Jose Lissade, a 43-year-old handyman who lives in Queens, New York, made two trips to the hospital in 2018 for a gastrointestinal infection. During those two stays, he had some routine heart tests that typically would cost a total of about $340. The tab for Lissade’s tests: $4,800.
Lissade personally shelled out only a $100 co-pay for each stay. But his insurance provider, a union health plan called the 32BJ Health Fund, paid much more to some doctors at the hospital, a Northwell Health facility in Queens. The plan settled claims for the tests for a total of $2,320, almost seven times what the plan normally pays. All that because Lissade was seen by out-of-network doctors.
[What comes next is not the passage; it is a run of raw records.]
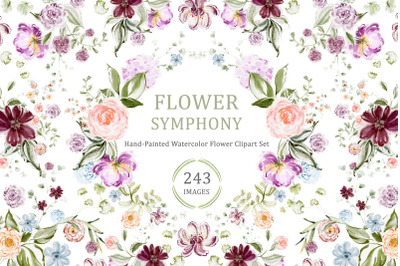 Watercolor Floral Patterns &amp; Frames for Wedding Design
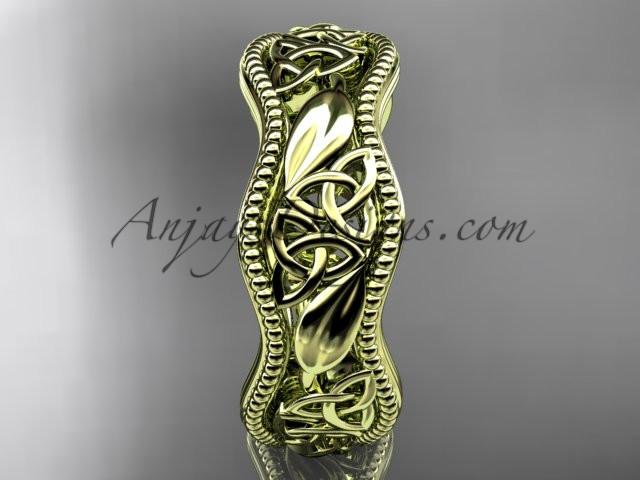 14kt yellow gold celtic trinity knot wedding band, engagement ring CT7508G - AnjaysDesigns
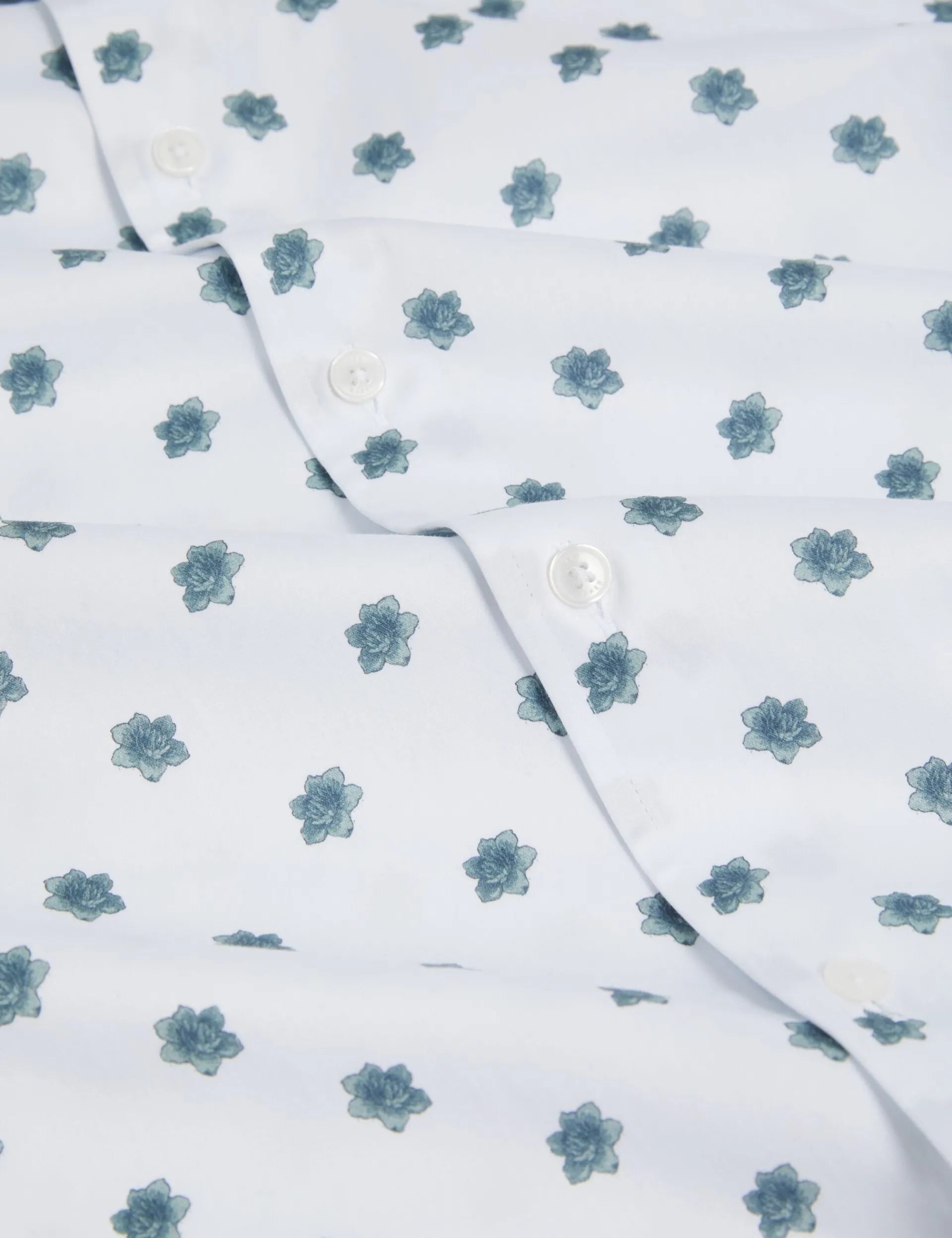 New Lobster Limited Breezy Blues Bearbeiten|Shirts<Kurzarmhemd mit Mini-Blumenmuster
“When we have a cardiologist who wants $5,000 for something that other people are willing to accept $80 to $120 for, that starts to raise concerns for us,” said Sara Rothstein, director of the 32BJ Health Fund.
32BJ says markups by outside physicians inflate costs by millions of dollars each year. Thousands of times a year, the health plan pays a higher price because some doctors don’t take the same insurance as the hospitals where they practice. Over three years, 32BJ has paid more than $10 million to out-of-network doctors at New York hospitals in its network, according to data shared with Bloomberg News. Employers fund the plan, which is jointly governed by representatives of labor and management.
The situation isn’t unique to Northwell. Physicians can set their sticker prices as high as they like. If they don’t contract with health plans, they can often negotiate higher payments for the same services. For that reason, health plans try to steer patients toward contracted doctors in their networks. But sometimes patients can’t avoid seeing out-of-network doctors, particularly if they’re working at hospitals that are in patients’ insurance networks.
Nationwide, about 16% of inpatient hospital visits trigger bills from out-of-network providers, according to an analysis by the Kaiser Family Foundation. The rate is twice as high in New York state.
Surprise Bills
Congress is considering legislation to insulate patients from so-called surprise medical bills – out-of-network charges in situations where patients can’t avoid the provider, such as emergencies. Committee leaders in the House and Senate this week promoted a proposal that would limit patients’ exposure to surprise bills and set up rules for insurers and providers to settle payment disagreements. President Trump has also called for a fix.
But even when patients don’t get charged directly, plans get the bill. 32BJ blames hospital systems for allowing out-of-network physicians to charge many multiples of contracted rates. The plan says it pays more for such claims to doctors at Northwell, one of the region’s biggest hospital systems, than at competing New York systems.
Northwell calls the analysis misleading. The health system says the out-of-network charges come from independent physicians who practice at its facilities but aren’t its employees, and that the hospital has no control over their billing.
“Those aren’t our physicians. Those are private practice, independent entrepreneurs,” said Felix Aviles, vice president of practice management at Northwell. Aviles said 99% of the health system’s employed doctors are in-network with 32BJ’s plan. The hospital found only $250,000 in out-of-network claims billed by Northwell’s employed physicians in the same period, he said.